What to work on: Your answer should be the records, copied exactly, with the pictures removed.

━━━━

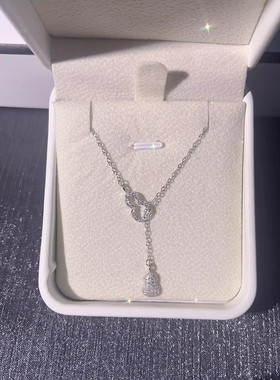 纯银葫芦项链女轻奢小众设计感
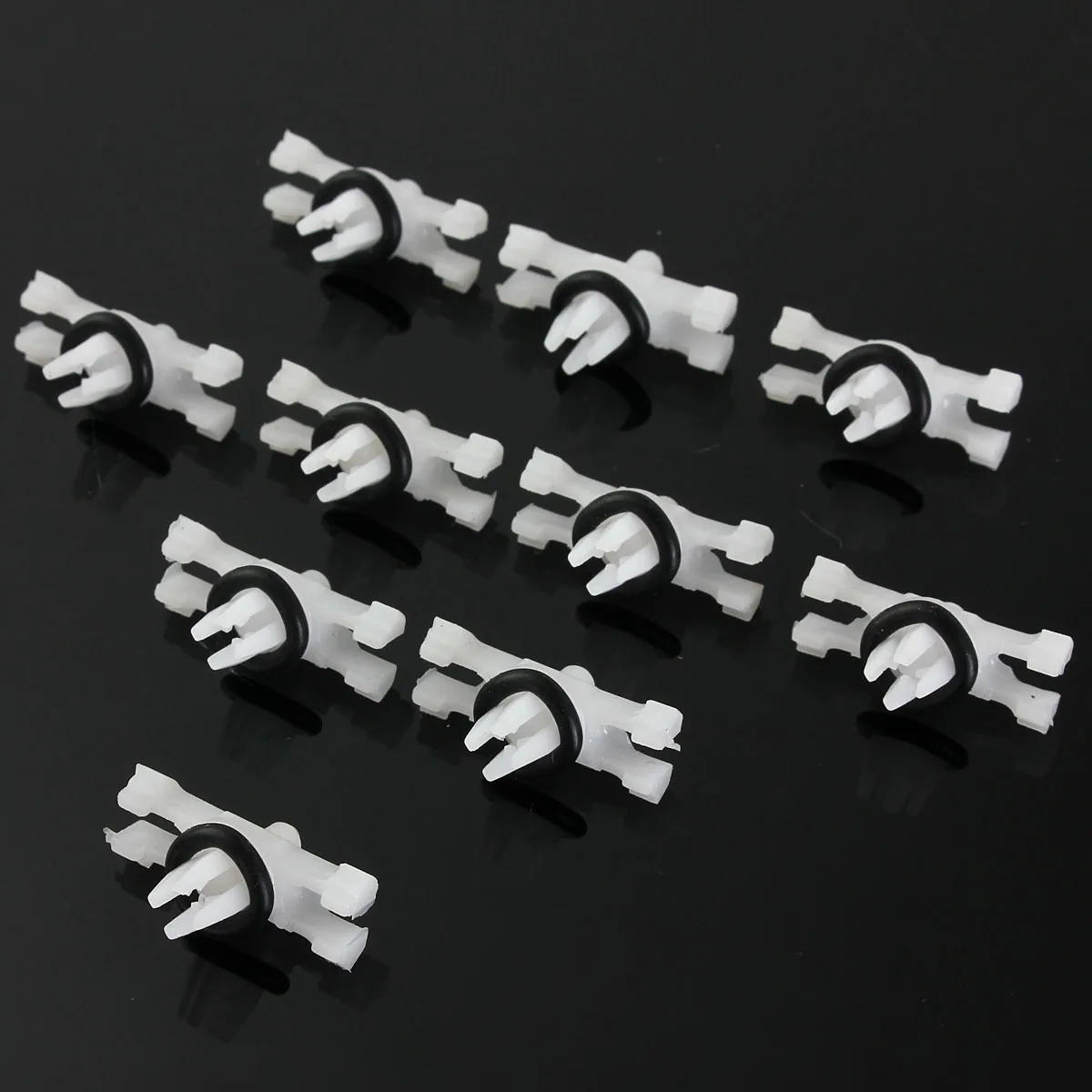 

10Pcs/set 51138204858 51134501967 Top Roof Rain Gutter Moulding Trims Fastener Clips for BMW E46 1998-2014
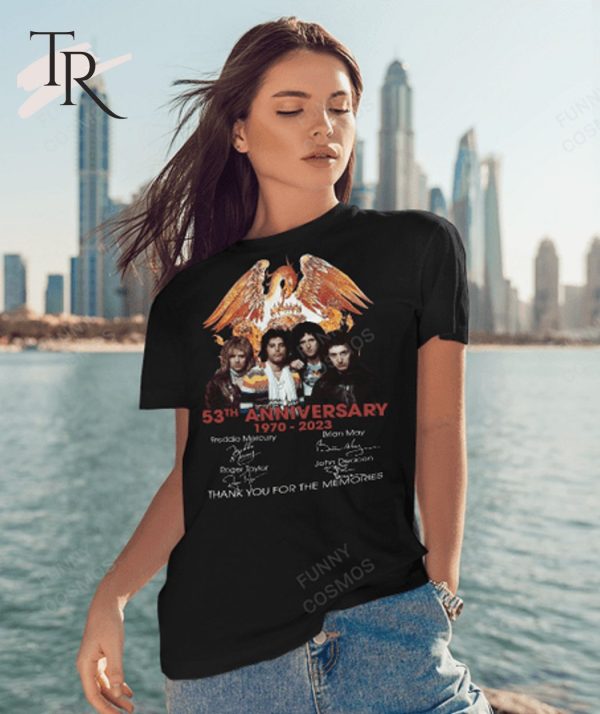 53th Anniversary Queen Band 1970 – 2023 Thank You For The Memories T-Shirt – Limited Edition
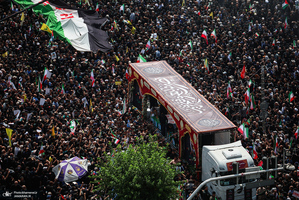 مراسم تشییع شهدای جنگ تحمیلی رژیم صهیونیستی در تهران-7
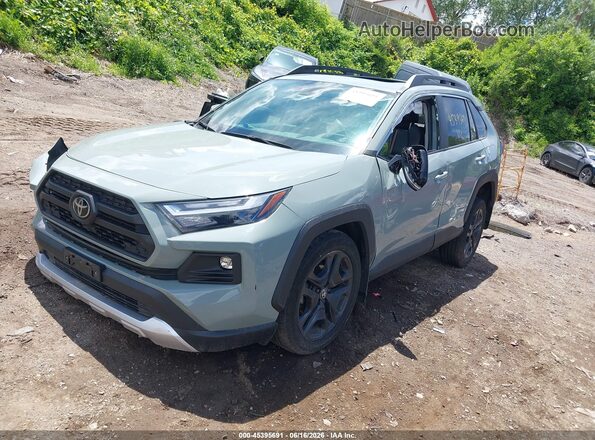 2T3J1RFV4NW318182 2022 TOYOTA RAV4 Серый Передняя левая четверть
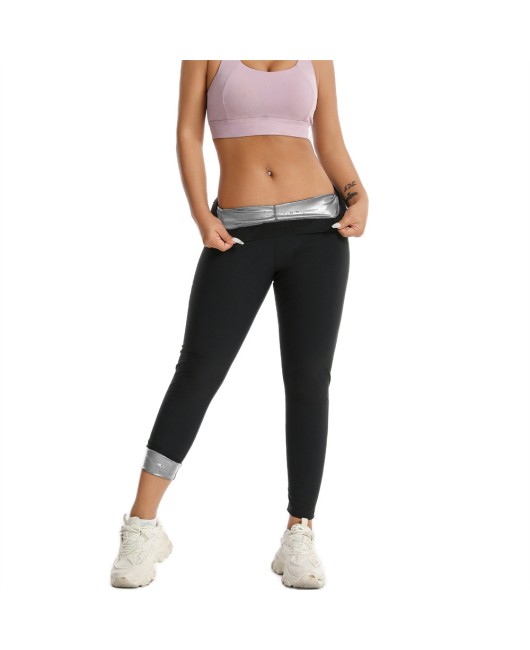 Women's Sauna Leggings Compression High Waist Yoga Pants Thermo Sweat Capris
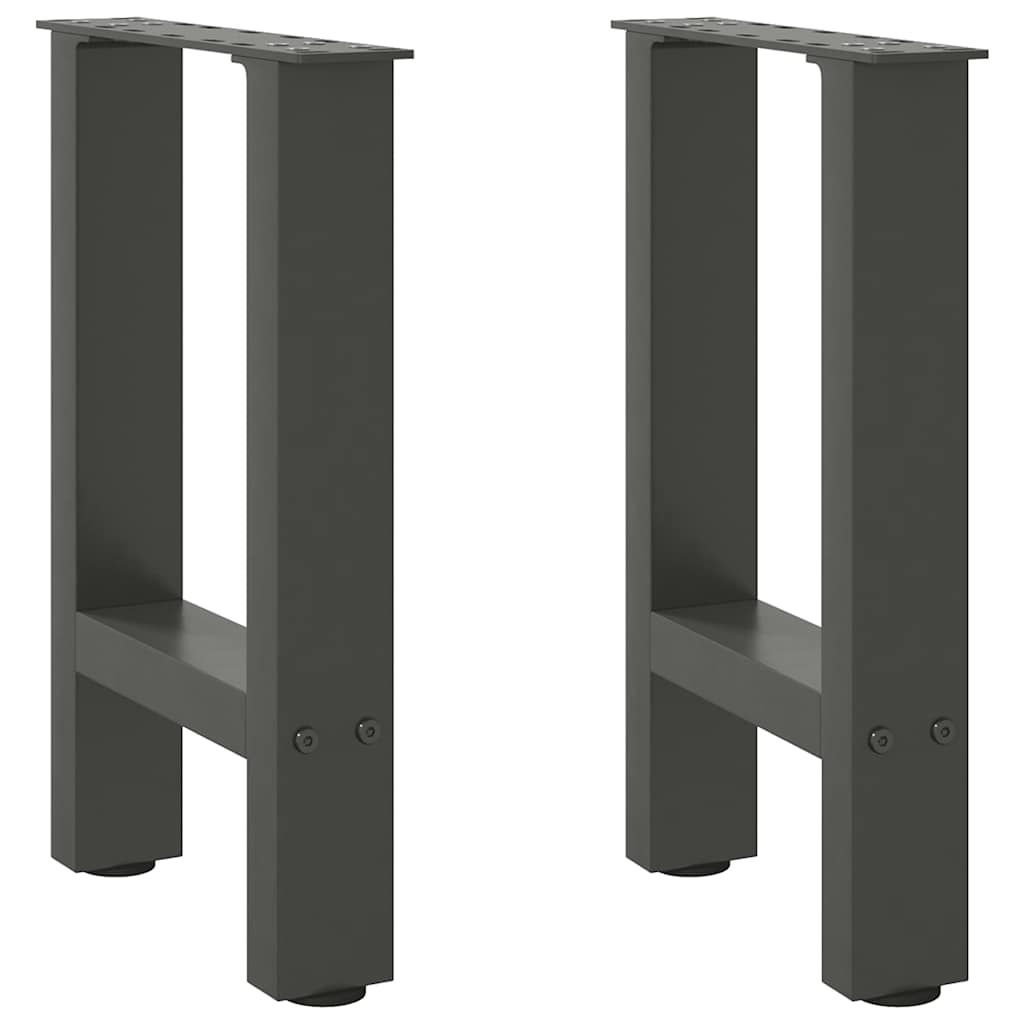 sofabordsben antracit 2 stk. 38 x (42-43) cm stål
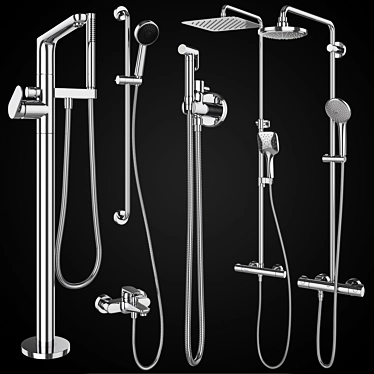 Ultimate Hygiene Shower Systems - Ravak, GROHE, Villeroy & Boch | Griferías Galindo Set 91 3D model image 1 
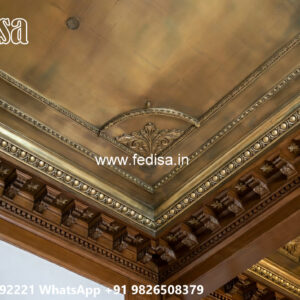 Wooden Classic Ceiling Design Only Pop Design For Room No-12592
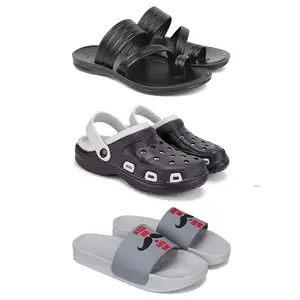 DRACKFOOT Men's Sandals | Lightweight Wear| Stylish & Easy to Wear For Men'S GRT-SAN-(COMBO-3)-3152-3018-1590-10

━━━━

The answer:
 纯银葫芦项链女轻奢小众设计感

10Pcs/set 51138204858 51134501967 Top Roof Rain Gutter Moulding Trims Fastener Clips for BMW E46 1998-2014
 53th Anniversary Queen Band 1970 – 2023 Thank You For The Memories T-Shirt – Limited Edition
 مراسم تشییع شهدای جنگ تحمیلی رژیم صهیونیستی در تهران-7
 2T3J1RFV4NW318182 2022 TOYOTA RAV4 Серый Передняя левая четверть
 Women's Sauna Leggings Compression High Waist Yoga Pants Thermo Sweat Capris
 sofabordsben antracit 2 stk. 38 x (42-43) cm stål
 Ultimate Hygiene Shower Systems - Ravak, GROHE, Villeroy & Boch | Griferías Galindo Set 91 3D model image 1 
 Wooden Classic Ceiling Design Only Pop Design For Room No-12592
 DRACKFOOT Men's Sandals | Lightweight Wear| Stylish & Easy to Wear For Men'S GRT-SAN-(COMBO-3)-3152-3018-1590-10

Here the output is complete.